» Exercise requirements
Please repeat the entire listing verbatim and keep the pictures out.

» Recorded information

▽

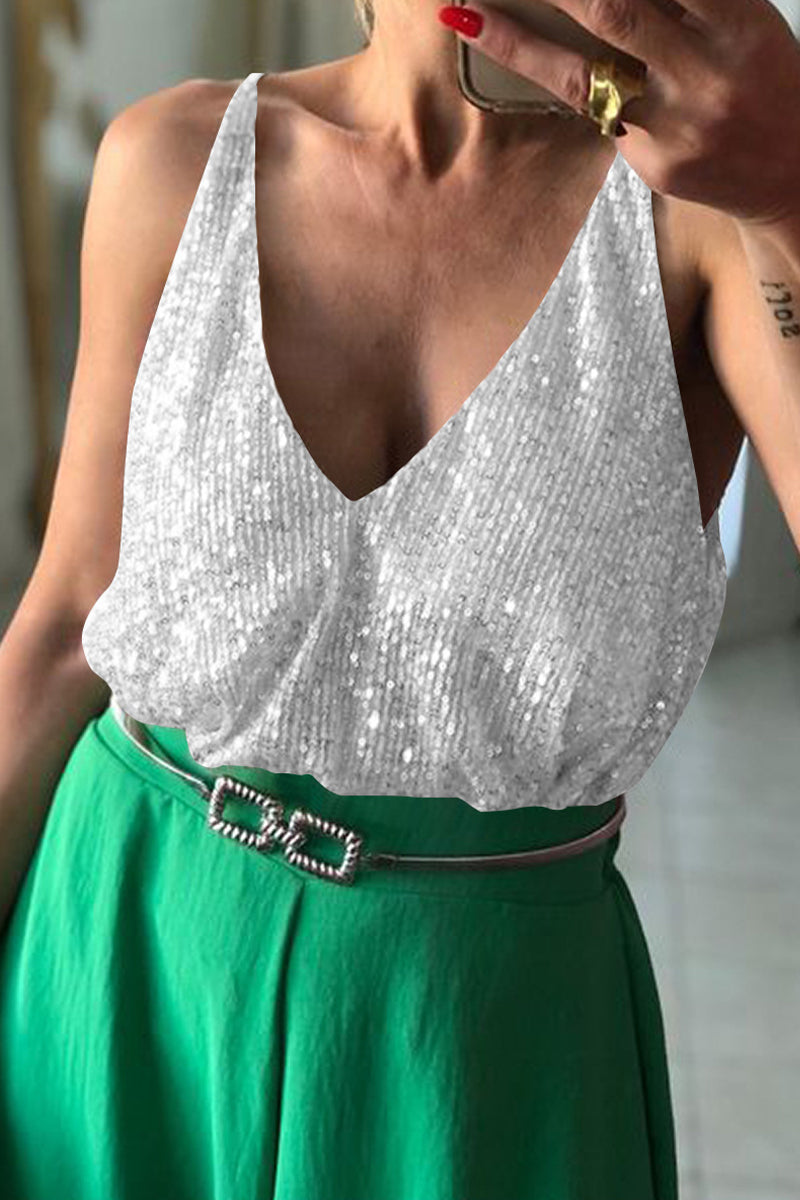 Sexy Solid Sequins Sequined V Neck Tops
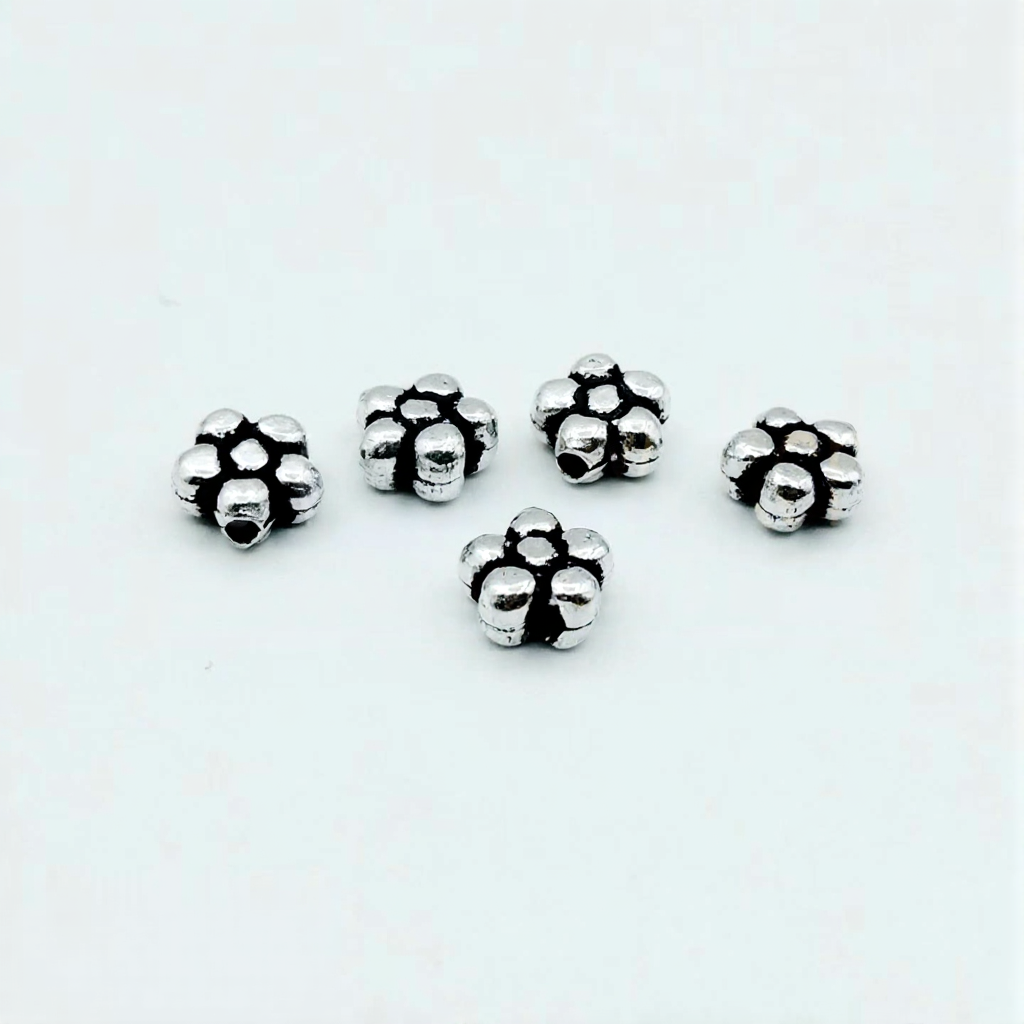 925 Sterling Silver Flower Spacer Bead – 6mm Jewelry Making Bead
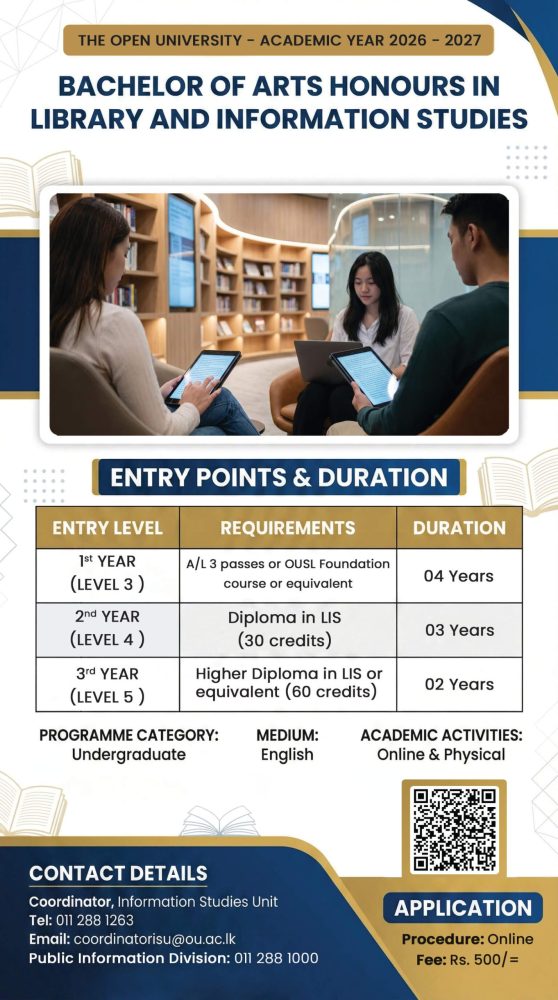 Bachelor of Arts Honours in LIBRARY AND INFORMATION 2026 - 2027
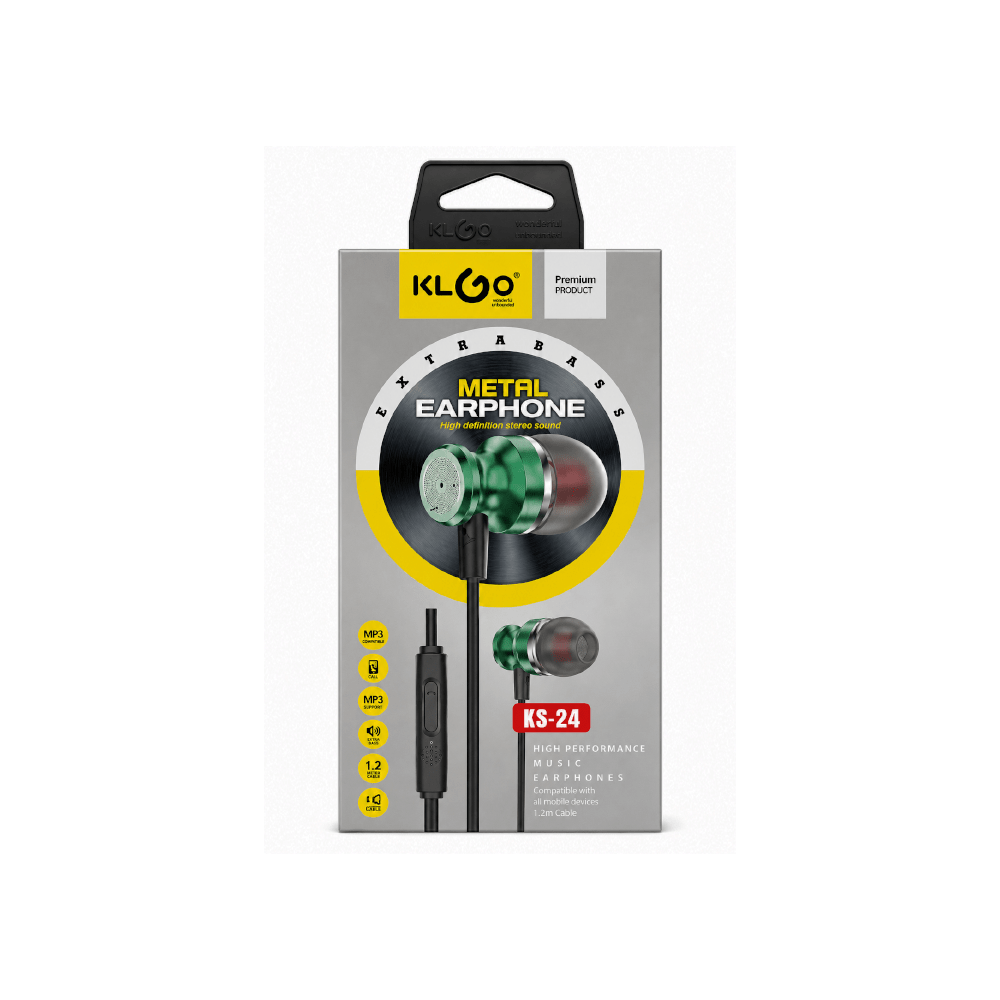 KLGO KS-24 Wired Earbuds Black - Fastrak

△

» Result
 Sexy Solid Sequins Sequined V Neck Tops
 925 Sterling Silver Flower Spacer Bead – 6mm Jewelry Making Bead
 Bachelor of Arts Honours in LIBRARY AND INFORMATION 2026 - 2027
 KLGO KS-24 Wired Earbuds Black - Fastrak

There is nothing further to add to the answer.